Short descriptive text snippets
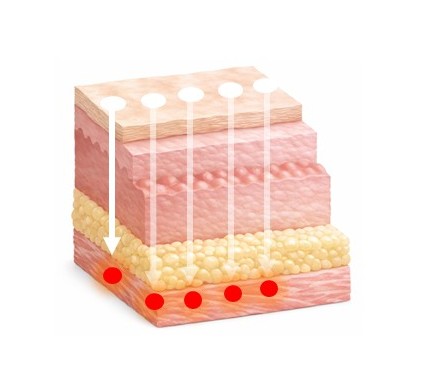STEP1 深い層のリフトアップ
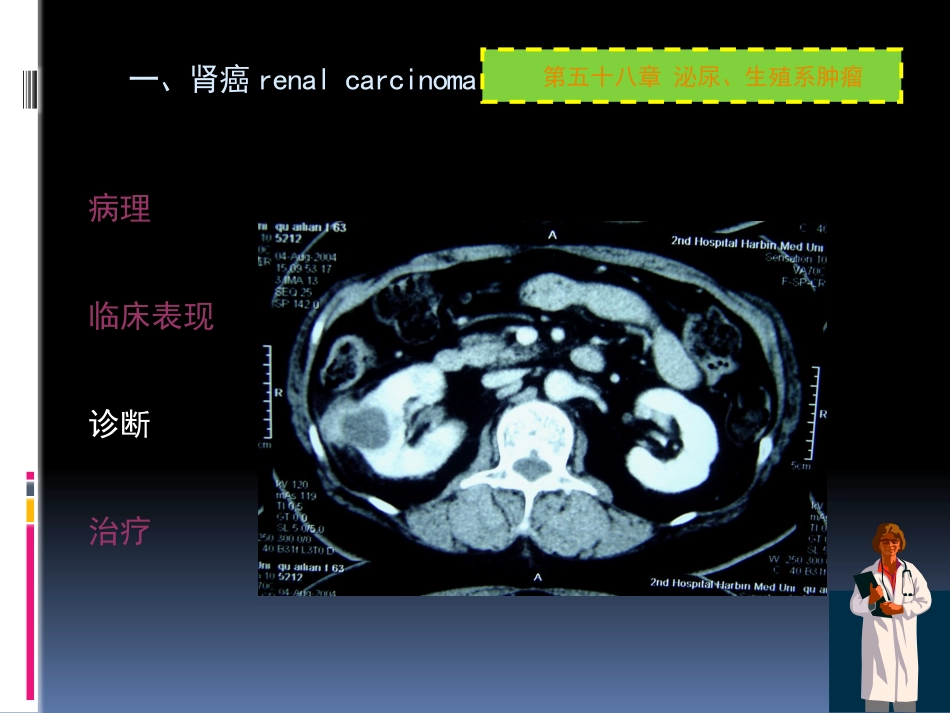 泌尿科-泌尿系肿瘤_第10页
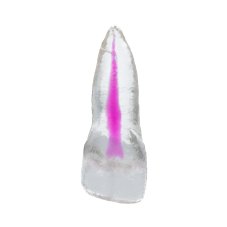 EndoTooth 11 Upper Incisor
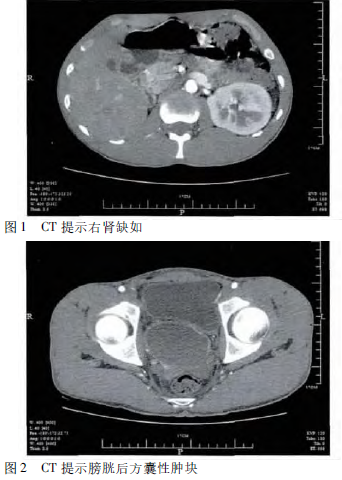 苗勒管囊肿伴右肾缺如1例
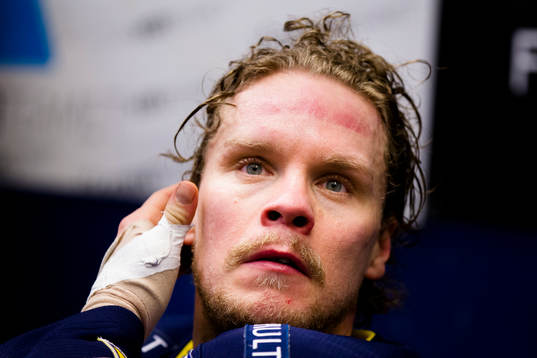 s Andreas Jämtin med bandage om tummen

---

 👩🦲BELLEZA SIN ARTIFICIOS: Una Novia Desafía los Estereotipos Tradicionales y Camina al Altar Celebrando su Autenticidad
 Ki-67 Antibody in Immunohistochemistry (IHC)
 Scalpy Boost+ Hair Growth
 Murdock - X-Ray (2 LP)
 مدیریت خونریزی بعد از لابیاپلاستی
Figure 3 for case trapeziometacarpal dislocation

==

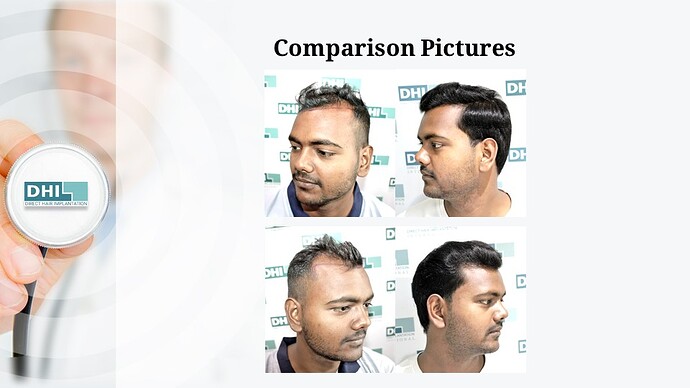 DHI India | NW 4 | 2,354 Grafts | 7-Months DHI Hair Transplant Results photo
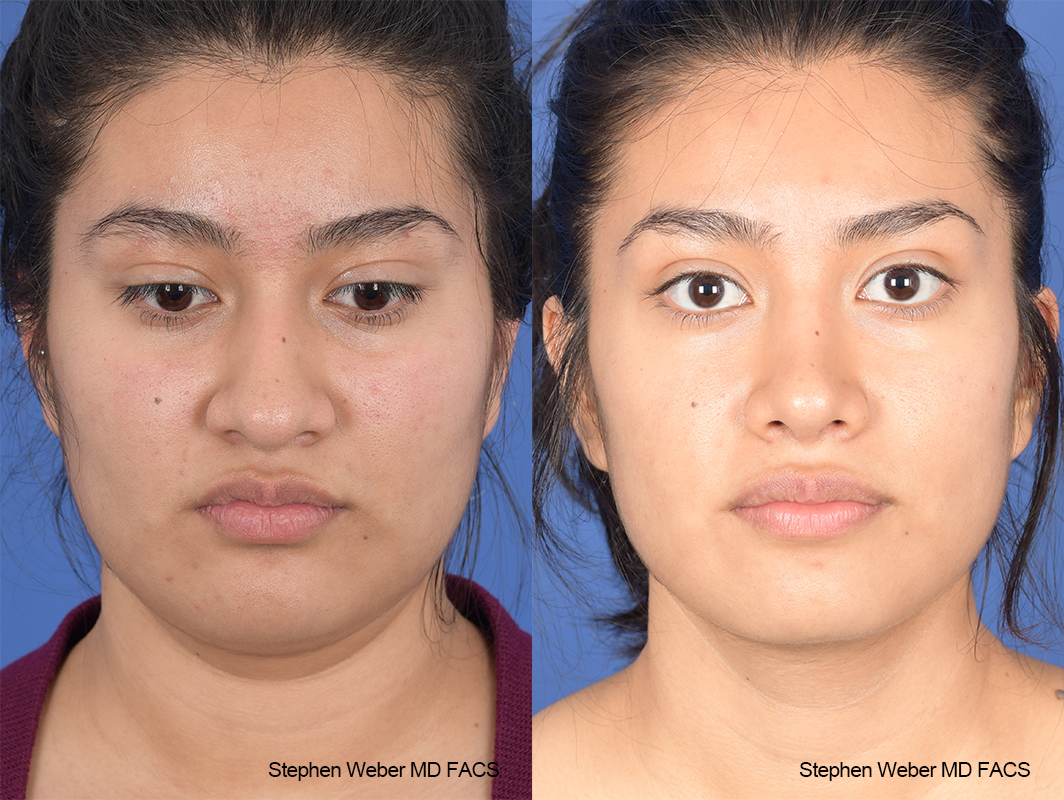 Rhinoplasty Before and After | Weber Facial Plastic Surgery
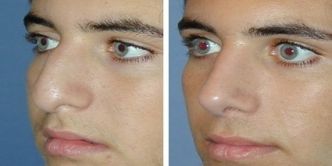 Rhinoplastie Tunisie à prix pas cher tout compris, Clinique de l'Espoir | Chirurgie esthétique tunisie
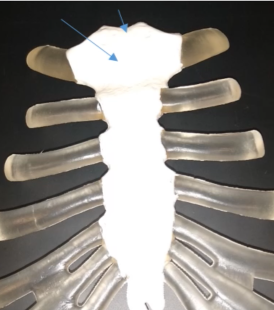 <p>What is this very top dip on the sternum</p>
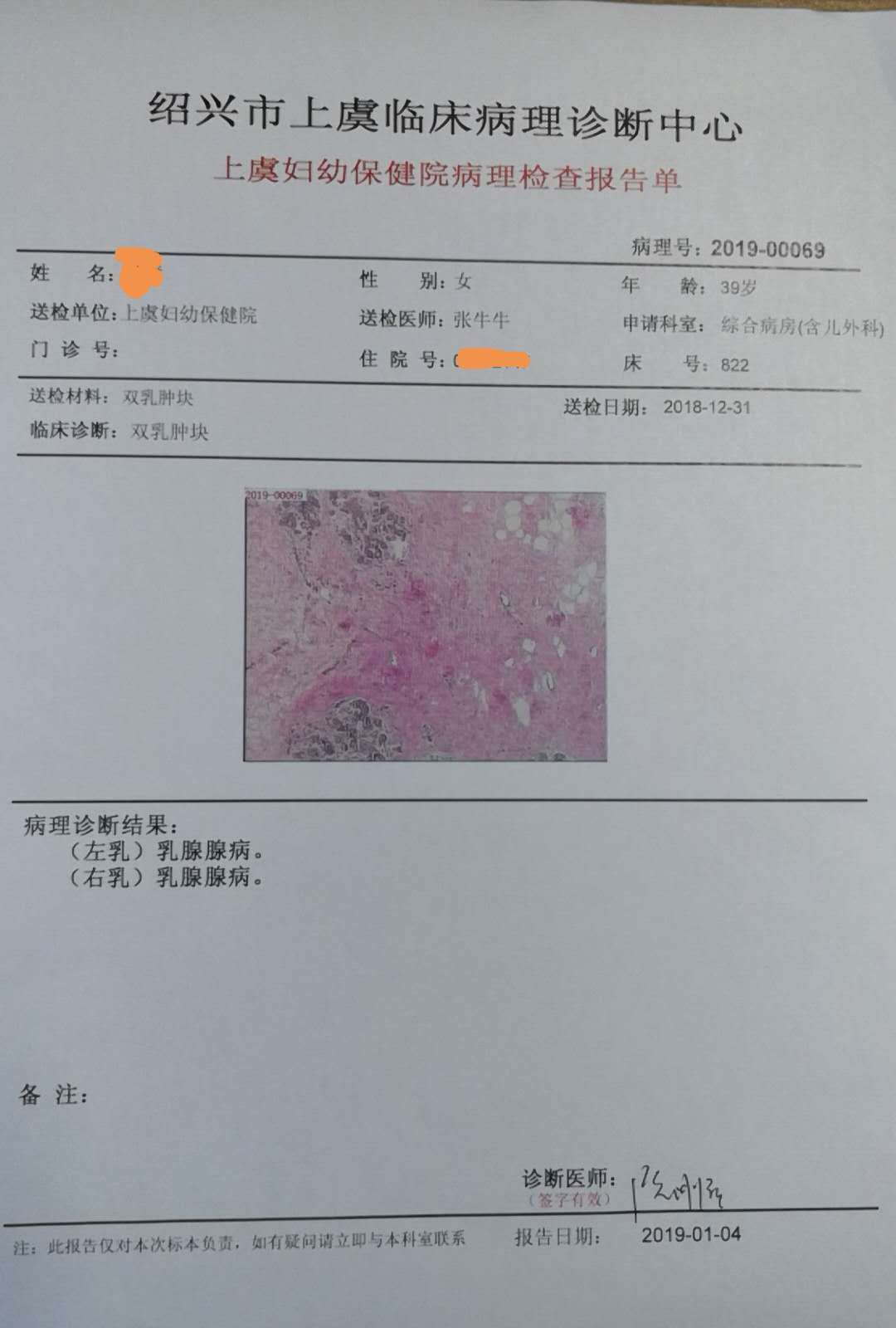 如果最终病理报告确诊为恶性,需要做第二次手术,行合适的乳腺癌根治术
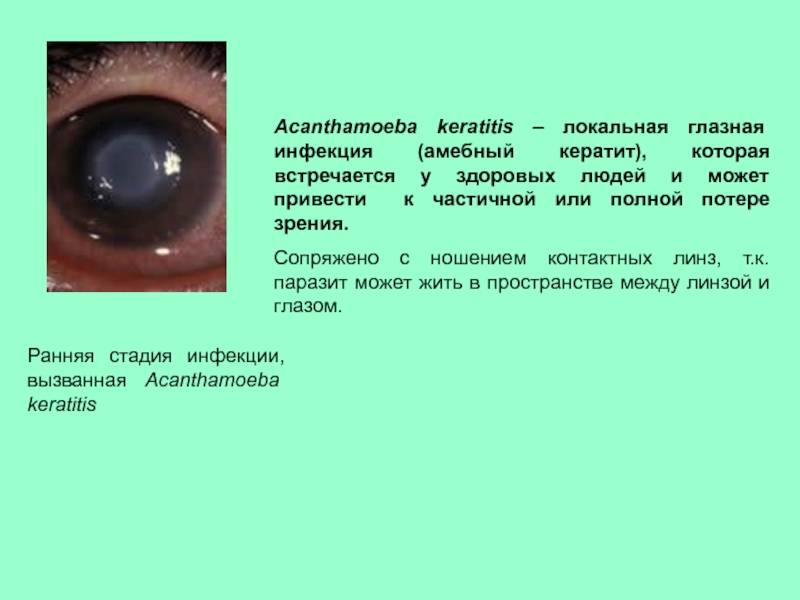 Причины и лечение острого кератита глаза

• Task goal:
Although pictures appear among the records above, none are to be output; print exactly the lines from the line containing "STEP1 深い層のリフトアップ" through the line containing "s Andreas Jämtin med bandage om tummen".

• Response area:
STEP1 深い層のリフトアップ
 泌尿科-泌尿系肿瘤_第10页
 EndoTooth 11 Upper Incisor
 苗勒管囊肿伴右肾缺如1例
 s Andreas Jämtin med bandage om tummen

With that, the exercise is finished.